Pour le moment, la question de la monétisation des modèles n’est pas encore résolue.

Une concurrence destructrice de valeur

Le secteur est engagé dans une véritable guerre d’endurance financière. Pour capter des parts de marché, de nombreux acteurs acceptent de fonctionner à perte, retardant toute hausse de prix ou changement de modèle économique (avec de la publicité par exemple) au risque de perdre leurs utilisateurs. Dans un environnement aussi capitalistique, cette concurrence peut conduire à la disparition de certains acteurs, avec à la clé des pertes importantes pour les investisseurs.

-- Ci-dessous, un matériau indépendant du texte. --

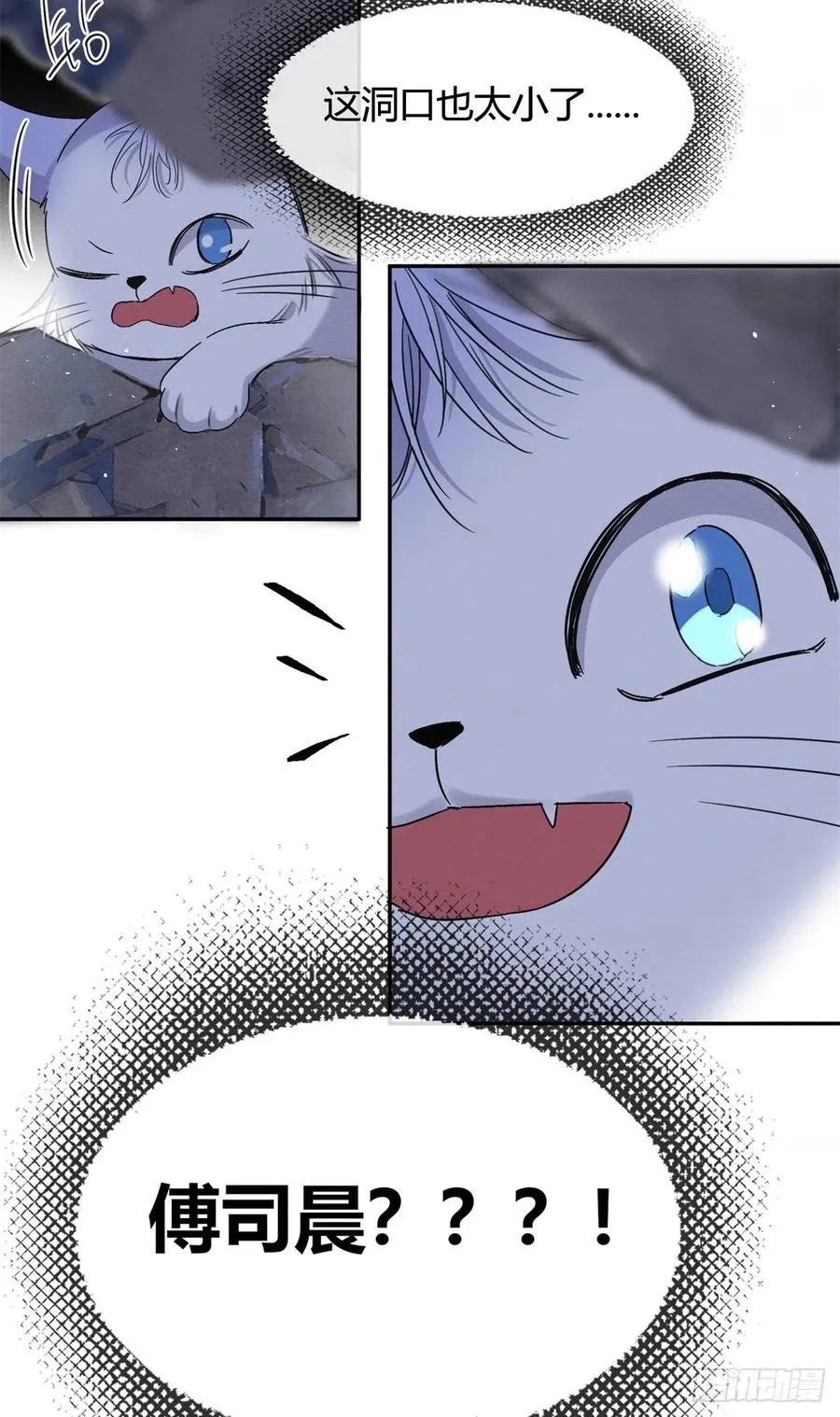 53 裴臻你变回来了？！ 第53页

Des usages et des gains de productivité encore difficiles à mesurer

Pour les entreprises, l’adoption de l’IA n’a de sens économique que si elle se traduit par des gains de productivité mesurables ou de nouvelles sources de revenus. Or, à ce stade, les résultats restent contrastés selon les secteurs et les usages. Cette situation alimente l’idée que l’IA est largement visible dans les discours, mais encore peu dans les statistiques de productivité, un phénomène souvent rapproché du paradoxe de Solow.

Un risque d’obsolescence rapide

Enfin, les cycles d’innovation extrêmement rapides posent un risque spécifique : celui de voir des modèles ou des infrastructures devenir obsolètes avant même d’avoir été amortis. Dans un secteur où les ruptures technologiques peuvent être soudaines, cette incertitude pèse lourdement sur la rentabilité future.

Des interconnexions financières qui renforcent la fragilité du système

Dernier élément souvent mis en avant : la forte interconnexion financière entre les grands acteurs de l’IA. Les fournisseurs de matériel, les développeurs de modèles et les plateformes cloud sont liés par des participations croisées, des partenariats stratégiques et des flux d’investissements réciproques.

Ce fonctionnement en écosystème fermé peut :

  • soutenir artificiellement la demande et les valorisations,
  • mais aussi amplifier les effets de contagion en cas de retournement du cycle.


Autrement dit, si l’un des maillons venait à faiblir, l’impact pourrait rapidement se diffuser à l’ensemble de la chaîne.

L’éclatement d’une bulle IA peut-il avoir des conséquences systémiques ?

Une question revient régulièrement dans le débat public et financier : si la bulle IA éclate, l’impact se limitera-t-il au secteur technologique ou pourrait-il se diffuser à l’ensemble de l’économie ? La réponse dépend moins de la technologie elle-même que des mécanismes de financement, de concentration et d’interconnexion décrits précédemment.

Une crise nécessairement globale ?

Plusieurs scénarios sont envisageables, avec des niveaux de gravité très différents.

Scénario 1 : une crise sectorielle confinée à l’IA

Dans cette hypothèse, la correction toucherait principalement :

  • les entreprises les plus exposées aux promesses de croissance de l’IA,
  • les acteurs les moins rentables ou les plus endettés,
  • et les valeurs aux multiples de valorisation les plus élevés.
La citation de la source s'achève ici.